## WHAT YOU WILL DO:
Transcribe the listing exactly, so that nothing but the pictures is missing.
*** COLLECTED MATERIAL Section Begins ***
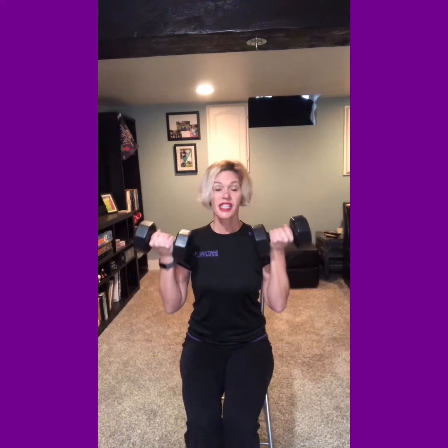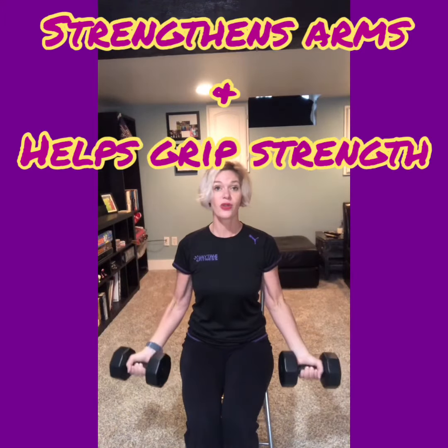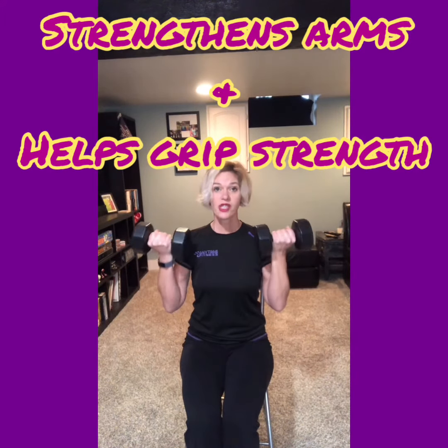This is your classic bicep curl. It's going to strengthen your arms and also help with your grip strength as you're holding onto this. Those benefits carry over into aspects of your daily life, like trying to open a jar, everyday cooking in the kitchen, and lifting groceries.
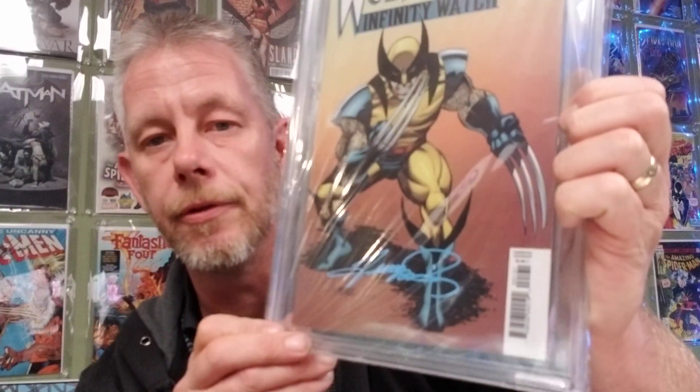A 9.8 — Wolverine number one, signed by George Perez. How cool is that? It's a George Perez cover with Andy McDonald and Jerry Dugan. Infinity Watch number one as well — what an awesome looking cover.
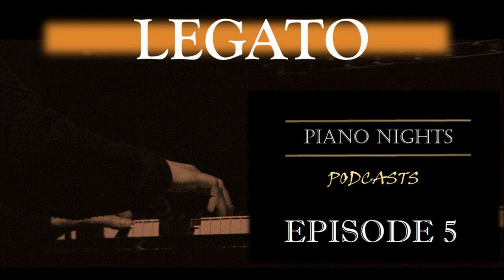Thank you for listening to Piano Knight's channel. Leave us your comments and don't forget to subscribe and share.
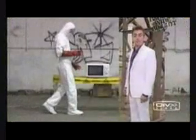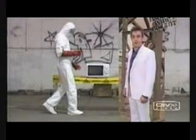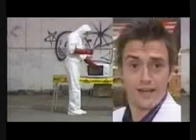The following experiment is dangerous for your safety and the protection of those around you. Do not try this at home. No, really, don't.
*** COLLECTED MATERIAL Section Ends ***
## ANSWER BELOW:
This is your classic bicep curl. It's going to strengthen your arms and also help with your grip strength as you're holding onto this. Those benefits carry over into aspects of your daily life, like trying to open a jar, everyday cooking in the kitchen, and lifting groceries.
A 9.8 — Wolverine number one, signed by George Perez. How cool is that? It's a George Perez cover with Andy McDonald and Jerry Dugan. Infinity Watch number one as well — what an awesome looking cover.
Thank you for listening to Piano Knight's channel. Leave us your comments and don't forget to subscribe and share.
The following experiment is dangerous for your safety and the protection of those around you. Do not try this at home. No, really, don't.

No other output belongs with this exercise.